CKRC-FM
- Weyburn, Saskatchewan; Canada;
- Broadcast area: Southeast Saskatchewan
- Frequency: 103.5 MHz
- Branding: Magic 103

Programming
- Language: English
- Format: Hot adult contemporary

Ownership
- Owner: Golden West Broadcasting
- Sister stations: CFSL, CHWY-FM

History
- First air date: September 19, 2006

Technical information
- Class: C1
- ERP: 43,000 watts (vertical) 100,000 watts (horizontal)
- HAAT: 75.3 metres (247 ft)

Links
- Webcast: Listen Live
- Website: discoverweyburn.com/magic103

= CKRC-FM =

Radio station in Weyburn, Saskatchewan

CKRC-FM is a radio station in Weyburn, Saskatchewan, Canada that operates at 103.5 FM. CKRC broadcasts a hot adult contemporary format branded as Magic 103.

Owned by Golden West Broadcasting, it shares studios with CFSL and CHWY-FM at 305 Souris Avenue in downtown Weyburn.

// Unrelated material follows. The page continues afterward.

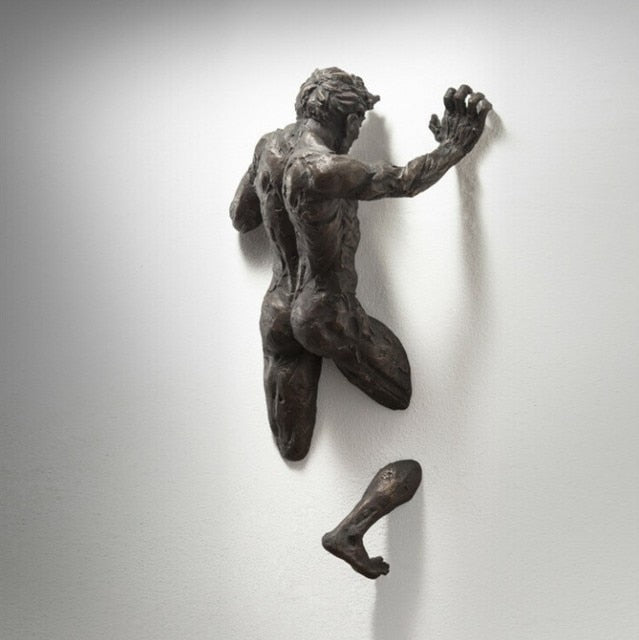 3D Durchwandfigur Skulptur Harz Elektroplattierung Imitation Kupfer abstrakter Kletterer Statue Wohnzimmer Wohnkultur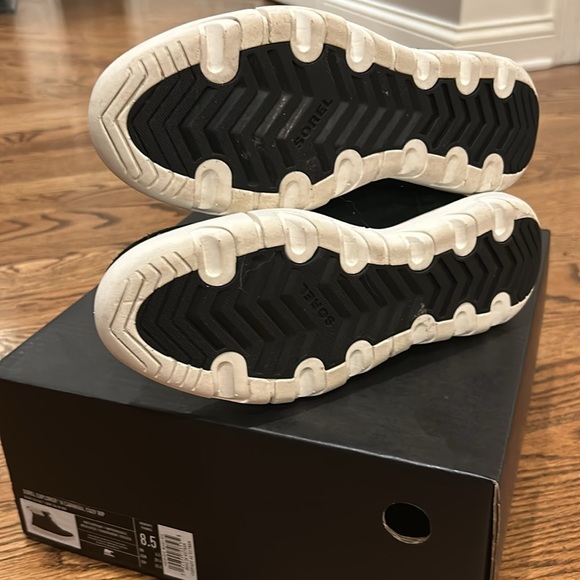 Sorel Women’s Boots - Picture 3 of 5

On April 24, 2006, the Canadian Radio-television and Telecommunications Commission (CRTC) approved Golden West's application to operate a new FM station at 103.5 MHz in Weyburn. CKRC first signed on at 7:00 AM, September 19, 2006. The station's original format was classic hits, but later flipped to hot AC.